Le thème du changement climatique n’avait jamais été traité auparavant dans le cadre de concours ?

Non, ce thème n’avait pas encore été traité. Je suis le premier à l’avoir proposé. Mais je pense que c’est surtout la manière dont j’ai abordé le sujet qui a attiré l’attention du jury.

Sous la force des pluies, les routes démolies ou les tranchées ouvertes par les entreprises de BTP se sont transformées en torrents qui ont inondé, voire emporté les maisons environnantes.

Sous quel angle particulier avez-vous traité ce thème ?

Photo de la série le Ciel de saison. @Baudouin Mouanda

À Brazzaville, le changement climatique se manifeste par des pluies très fortes. Certes, la pluie est un fait naturel que nous connaissons, mais depuis quelque temps, les pluies sont diluviennes. Conjuguée à d’autres facteurs, leur violence provoque des inondations, un phénomène méconnu jusque-là. C’est le cas notamment dans des quartiers nord de la capitale, non urbanisés, dans les zones où les routes, mal renforcées, se sont effondrées, dans des endroits où des sociétés de BTP chinoises ont construit des immeubles, oubliant de remblayer les terrains situés autour du périmètre de leur chantier, par lesquels ils ont fait passer leurs engins qui ont creusé des sillons. Sous la force des pluies, les routes démolies ou les tranchées ouvertes par les entreprises de BTP se sont transformées en torrents qui ont inondé, voire emporté les maisons environnantes.

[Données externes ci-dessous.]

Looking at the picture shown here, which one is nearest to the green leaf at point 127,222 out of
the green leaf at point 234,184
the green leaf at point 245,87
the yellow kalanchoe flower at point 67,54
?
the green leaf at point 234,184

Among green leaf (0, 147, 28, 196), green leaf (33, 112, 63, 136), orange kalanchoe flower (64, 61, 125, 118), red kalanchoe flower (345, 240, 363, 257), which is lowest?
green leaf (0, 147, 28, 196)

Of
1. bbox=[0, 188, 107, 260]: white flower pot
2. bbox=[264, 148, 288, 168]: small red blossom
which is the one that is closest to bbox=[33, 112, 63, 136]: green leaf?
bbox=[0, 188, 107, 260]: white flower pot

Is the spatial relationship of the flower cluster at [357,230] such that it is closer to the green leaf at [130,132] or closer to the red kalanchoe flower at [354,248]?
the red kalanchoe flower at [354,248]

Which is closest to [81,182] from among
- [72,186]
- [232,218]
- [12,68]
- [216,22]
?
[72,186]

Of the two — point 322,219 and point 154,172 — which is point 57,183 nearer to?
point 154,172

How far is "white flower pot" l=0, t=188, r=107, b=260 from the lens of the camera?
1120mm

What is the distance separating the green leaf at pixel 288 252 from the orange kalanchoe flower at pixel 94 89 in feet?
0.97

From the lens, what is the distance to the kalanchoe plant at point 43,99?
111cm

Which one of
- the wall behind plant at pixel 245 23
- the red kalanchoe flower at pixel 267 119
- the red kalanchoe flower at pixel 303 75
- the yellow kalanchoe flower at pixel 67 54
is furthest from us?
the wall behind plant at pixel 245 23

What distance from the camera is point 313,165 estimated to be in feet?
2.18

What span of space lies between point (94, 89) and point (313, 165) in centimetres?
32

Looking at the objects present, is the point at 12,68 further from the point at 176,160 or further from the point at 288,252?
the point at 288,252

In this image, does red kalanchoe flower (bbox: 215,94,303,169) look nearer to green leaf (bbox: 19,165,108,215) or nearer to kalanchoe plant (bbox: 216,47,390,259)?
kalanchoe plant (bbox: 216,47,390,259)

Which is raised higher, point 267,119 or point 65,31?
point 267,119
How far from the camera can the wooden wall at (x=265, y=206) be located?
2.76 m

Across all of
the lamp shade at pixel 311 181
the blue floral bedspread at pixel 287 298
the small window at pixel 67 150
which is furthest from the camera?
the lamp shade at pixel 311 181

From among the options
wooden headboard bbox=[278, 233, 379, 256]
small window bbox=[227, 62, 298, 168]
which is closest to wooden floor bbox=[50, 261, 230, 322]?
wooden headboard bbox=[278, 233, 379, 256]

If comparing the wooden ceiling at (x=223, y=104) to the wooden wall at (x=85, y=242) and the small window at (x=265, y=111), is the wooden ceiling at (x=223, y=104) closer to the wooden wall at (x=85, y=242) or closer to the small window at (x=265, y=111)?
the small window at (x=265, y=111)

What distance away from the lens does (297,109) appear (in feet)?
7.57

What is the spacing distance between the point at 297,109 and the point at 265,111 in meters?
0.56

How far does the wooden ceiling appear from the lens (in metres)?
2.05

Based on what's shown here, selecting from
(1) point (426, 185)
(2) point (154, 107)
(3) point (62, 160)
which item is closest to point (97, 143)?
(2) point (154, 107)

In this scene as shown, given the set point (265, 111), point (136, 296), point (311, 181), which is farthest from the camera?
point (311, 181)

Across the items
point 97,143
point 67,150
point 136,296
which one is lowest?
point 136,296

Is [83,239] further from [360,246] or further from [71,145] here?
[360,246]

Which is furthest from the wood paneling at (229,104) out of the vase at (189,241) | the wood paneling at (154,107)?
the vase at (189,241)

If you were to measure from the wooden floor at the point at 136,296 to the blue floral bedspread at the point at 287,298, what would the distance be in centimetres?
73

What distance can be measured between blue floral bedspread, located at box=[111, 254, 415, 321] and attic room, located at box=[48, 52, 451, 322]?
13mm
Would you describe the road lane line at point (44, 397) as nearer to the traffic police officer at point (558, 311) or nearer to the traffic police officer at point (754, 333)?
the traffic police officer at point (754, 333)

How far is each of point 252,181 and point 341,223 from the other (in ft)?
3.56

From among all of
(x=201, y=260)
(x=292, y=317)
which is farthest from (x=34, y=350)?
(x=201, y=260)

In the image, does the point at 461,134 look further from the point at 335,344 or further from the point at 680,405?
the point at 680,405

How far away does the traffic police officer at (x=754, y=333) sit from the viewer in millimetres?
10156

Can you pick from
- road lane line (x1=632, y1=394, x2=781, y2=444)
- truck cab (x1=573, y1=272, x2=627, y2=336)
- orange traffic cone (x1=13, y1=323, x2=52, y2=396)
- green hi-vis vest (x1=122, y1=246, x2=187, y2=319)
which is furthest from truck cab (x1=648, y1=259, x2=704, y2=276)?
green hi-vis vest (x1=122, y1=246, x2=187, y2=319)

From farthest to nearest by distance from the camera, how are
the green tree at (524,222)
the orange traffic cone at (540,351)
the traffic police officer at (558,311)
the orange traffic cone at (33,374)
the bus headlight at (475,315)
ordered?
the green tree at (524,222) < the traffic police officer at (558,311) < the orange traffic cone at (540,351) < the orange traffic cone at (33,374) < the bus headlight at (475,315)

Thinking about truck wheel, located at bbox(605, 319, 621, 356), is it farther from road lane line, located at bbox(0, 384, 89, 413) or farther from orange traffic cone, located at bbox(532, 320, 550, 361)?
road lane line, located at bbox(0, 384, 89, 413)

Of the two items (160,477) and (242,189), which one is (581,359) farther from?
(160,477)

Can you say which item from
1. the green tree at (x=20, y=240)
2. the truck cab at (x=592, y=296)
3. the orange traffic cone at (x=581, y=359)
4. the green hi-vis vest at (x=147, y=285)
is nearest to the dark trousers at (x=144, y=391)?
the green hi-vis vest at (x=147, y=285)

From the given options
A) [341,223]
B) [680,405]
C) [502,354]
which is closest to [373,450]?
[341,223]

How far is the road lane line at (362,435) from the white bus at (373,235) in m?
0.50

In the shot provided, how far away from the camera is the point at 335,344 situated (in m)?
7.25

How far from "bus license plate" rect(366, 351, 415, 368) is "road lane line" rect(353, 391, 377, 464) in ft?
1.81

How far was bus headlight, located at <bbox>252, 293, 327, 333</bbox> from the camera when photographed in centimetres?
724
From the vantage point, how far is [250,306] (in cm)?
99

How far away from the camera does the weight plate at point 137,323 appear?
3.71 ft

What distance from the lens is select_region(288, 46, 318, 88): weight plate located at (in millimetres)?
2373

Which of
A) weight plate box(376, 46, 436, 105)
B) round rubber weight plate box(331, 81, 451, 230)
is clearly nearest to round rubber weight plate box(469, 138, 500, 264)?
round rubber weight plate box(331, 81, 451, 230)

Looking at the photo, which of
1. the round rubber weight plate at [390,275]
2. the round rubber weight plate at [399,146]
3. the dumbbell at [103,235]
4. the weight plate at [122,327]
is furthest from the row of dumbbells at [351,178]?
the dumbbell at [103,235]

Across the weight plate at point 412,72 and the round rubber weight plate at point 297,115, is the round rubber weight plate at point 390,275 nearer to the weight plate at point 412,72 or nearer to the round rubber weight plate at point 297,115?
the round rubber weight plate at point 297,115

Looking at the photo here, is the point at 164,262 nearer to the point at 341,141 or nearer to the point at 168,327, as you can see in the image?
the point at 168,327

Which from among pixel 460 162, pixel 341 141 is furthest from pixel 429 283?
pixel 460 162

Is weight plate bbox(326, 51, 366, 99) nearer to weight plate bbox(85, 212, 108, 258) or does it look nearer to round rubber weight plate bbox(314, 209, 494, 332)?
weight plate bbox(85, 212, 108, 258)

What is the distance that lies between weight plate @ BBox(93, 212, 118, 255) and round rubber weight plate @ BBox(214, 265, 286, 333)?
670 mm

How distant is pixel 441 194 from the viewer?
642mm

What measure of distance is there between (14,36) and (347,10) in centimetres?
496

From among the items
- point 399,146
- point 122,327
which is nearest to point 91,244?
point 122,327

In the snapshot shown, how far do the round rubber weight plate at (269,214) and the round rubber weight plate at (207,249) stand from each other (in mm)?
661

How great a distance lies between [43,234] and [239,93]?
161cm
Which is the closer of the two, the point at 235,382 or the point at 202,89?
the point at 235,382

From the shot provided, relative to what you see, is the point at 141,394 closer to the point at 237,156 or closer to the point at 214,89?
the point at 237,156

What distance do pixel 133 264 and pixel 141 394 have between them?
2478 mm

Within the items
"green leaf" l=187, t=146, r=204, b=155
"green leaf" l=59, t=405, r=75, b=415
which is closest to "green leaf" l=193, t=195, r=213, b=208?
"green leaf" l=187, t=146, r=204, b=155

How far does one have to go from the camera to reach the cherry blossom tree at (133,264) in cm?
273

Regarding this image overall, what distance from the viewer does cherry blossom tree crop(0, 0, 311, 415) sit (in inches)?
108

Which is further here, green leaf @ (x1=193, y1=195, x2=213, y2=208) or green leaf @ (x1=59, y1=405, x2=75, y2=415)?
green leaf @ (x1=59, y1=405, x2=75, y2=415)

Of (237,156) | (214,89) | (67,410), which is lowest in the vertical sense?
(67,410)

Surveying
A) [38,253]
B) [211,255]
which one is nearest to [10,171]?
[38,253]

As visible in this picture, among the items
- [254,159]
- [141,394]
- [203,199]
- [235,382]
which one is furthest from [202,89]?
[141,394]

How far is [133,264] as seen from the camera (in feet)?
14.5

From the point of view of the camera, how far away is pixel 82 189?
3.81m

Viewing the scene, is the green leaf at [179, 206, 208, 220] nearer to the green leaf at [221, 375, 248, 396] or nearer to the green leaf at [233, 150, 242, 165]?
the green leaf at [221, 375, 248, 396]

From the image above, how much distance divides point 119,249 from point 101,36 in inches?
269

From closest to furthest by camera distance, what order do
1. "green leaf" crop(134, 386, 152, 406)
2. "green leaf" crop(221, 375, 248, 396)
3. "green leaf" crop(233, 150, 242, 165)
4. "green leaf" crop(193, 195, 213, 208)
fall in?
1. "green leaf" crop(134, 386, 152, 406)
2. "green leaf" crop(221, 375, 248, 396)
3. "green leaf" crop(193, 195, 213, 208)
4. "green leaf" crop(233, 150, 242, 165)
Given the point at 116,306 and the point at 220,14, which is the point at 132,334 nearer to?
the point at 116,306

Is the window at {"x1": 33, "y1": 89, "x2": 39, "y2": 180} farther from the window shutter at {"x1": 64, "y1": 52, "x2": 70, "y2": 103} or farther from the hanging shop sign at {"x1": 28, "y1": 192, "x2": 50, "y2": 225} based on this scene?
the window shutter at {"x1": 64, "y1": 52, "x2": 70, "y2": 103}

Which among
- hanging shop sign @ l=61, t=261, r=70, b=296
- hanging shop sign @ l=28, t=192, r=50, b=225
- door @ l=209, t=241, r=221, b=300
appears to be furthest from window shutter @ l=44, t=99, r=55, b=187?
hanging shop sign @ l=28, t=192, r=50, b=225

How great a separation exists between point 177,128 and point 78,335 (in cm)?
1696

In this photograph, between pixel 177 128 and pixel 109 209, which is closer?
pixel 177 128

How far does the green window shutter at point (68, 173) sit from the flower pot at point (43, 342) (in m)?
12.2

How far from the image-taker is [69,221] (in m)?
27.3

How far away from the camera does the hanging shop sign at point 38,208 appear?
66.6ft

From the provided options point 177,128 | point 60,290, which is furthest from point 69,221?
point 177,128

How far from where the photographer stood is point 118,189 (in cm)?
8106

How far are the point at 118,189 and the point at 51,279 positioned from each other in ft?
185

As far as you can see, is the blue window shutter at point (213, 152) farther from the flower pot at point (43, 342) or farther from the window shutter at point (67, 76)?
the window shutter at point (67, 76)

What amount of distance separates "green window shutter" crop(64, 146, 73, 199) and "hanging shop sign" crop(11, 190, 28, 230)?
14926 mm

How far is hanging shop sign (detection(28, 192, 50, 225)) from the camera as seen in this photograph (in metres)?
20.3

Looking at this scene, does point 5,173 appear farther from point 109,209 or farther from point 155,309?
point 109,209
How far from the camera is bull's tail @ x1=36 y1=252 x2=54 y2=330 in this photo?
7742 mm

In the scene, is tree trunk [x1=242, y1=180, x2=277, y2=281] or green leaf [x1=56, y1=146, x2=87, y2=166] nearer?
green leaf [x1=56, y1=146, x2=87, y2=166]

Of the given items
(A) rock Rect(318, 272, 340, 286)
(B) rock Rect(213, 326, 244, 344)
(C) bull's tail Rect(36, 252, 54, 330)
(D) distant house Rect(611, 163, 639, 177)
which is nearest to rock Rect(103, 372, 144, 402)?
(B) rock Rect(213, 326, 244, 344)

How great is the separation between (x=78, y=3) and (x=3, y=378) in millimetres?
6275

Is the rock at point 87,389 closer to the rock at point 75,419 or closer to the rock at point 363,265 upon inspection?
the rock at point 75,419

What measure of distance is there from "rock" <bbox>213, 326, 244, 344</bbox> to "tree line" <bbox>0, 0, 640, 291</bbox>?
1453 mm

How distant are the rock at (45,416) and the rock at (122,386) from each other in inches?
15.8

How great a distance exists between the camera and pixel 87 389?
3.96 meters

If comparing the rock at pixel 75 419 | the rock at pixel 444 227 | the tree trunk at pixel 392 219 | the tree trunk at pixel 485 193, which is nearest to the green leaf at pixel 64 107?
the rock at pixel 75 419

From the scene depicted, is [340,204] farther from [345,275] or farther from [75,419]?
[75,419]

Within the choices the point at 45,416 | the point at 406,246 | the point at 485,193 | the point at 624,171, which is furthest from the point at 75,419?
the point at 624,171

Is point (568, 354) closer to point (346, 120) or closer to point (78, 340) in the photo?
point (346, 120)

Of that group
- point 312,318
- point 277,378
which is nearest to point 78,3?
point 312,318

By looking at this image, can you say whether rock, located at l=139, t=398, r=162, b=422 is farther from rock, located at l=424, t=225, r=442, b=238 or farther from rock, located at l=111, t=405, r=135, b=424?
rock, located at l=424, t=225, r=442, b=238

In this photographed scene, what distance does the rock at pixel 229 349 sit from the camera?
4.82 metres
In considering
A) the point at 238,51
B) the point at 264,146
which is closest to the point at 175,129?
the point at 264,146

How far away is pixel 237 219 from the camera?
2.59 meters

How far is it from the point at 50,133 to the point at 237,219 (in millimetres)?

Quelle est l’originalité de votre approche photographique sur ce thème ?

C’est une nouvelle démarche que j’ai entreprise. J’ai photographié des familles qui ont été victimes des inondations qui ont saccagé leurs maisons. Certaines avaient trouvé un nouvel abri mais d’autres ont dû rester là où elles habitaient, faute de possibilité de relogement. Je suis allé voir ces familles et je leur ai demandé si je pouvais les photographier dans l’eau, chez eux, pour restituer ce qu’ils ont vécu et que je souhaitais reproduire.

Je suis allé voir ces familles et je leur ai demandé si je pouvais les photographier dans l’eau, chez eux, pour restituer ce qu’ils ont vécu et que je souhaitais reproduire.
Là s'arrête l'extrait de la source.